▶ [RECORD SET]
◆ ◆ ◆ ◆ ◆
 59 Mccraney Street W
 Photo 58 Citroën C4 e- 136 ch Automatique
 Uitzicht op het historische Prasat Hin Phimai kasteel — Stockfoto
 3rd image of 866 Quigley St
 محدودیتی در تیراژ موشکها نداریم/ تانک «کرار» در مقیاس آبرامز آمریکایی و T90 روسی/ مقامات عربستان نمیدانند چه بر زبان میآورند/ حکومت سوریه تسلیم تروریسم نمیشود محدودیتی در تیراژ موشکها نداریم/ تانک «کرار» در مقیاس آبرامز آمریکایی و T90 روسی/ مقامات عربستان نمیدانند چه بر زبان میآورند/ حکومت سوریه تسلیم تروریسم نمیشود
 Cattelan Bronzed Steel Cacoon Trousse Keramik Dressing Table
◆ ◆ ◆ ◆ ◆
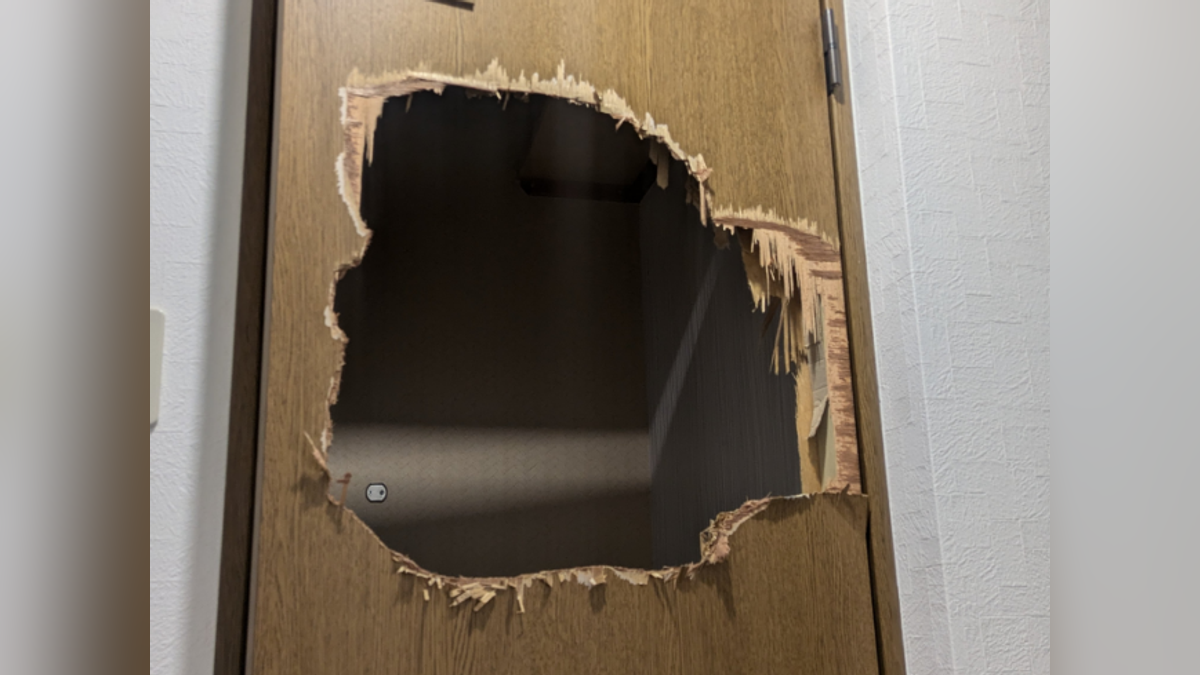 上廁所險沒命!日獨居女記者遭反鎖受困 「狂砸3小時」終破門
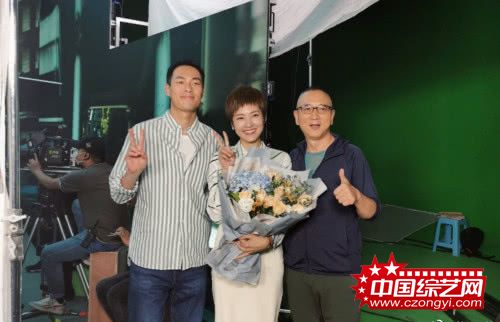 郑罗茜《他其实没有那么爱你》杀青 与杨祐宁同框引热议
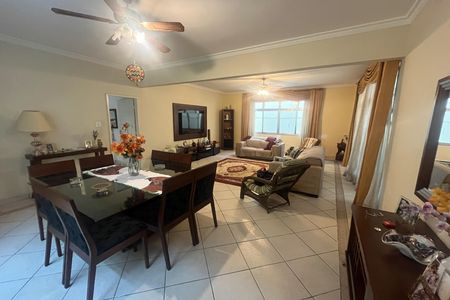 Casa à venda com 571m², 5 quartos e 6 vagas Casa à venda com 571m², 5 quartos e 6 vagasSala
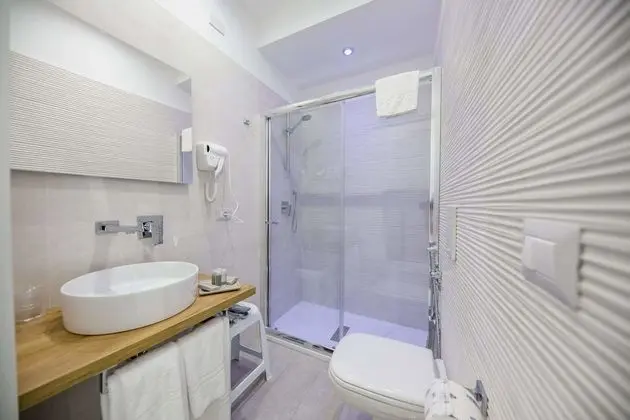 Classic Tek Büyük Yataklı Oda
◆ ◆ ◆ ◆ ◆
▶ [TASK REQUIREMENTS] Please copy, exactly and with nothing else, the lines above beginning at the line that has "59 Mccraney Street W" and ending with the line that has "Cattelan Bronzed Steel".

▶ [PROBLEM SOLUTION]
 59 Mccraney Street W
 Photo 58 Citroën C4 e- 136 ch Automatique
 Uitzicht op het historische Prasat Hin Phimai kasteel — Stockfoto
 3rd image of 866 Quigley St
 محدودیتی در تیراژ موشکها نداریم/ تانک «کرار» در مقیاس آبرامز آمریکایی و T90 روسی/ مقامات عربستان نمیدانند چه بر زبان میآورند/ حکومت سوریه تسلیم تروریسم نمیشود محدودیتی در تیراژ موشکها نداریم/ تانک «کرار» در مقیاس آبرامز آمریکایی و T90 روسی/ مقامات عربستان نمیدانند چه بر زبان میآورند/ حکومت سوریه تسلیم تروریسم نمیشود
 Cattelan Bronzed Steel Cacoon Trousse Keramik Dressing Table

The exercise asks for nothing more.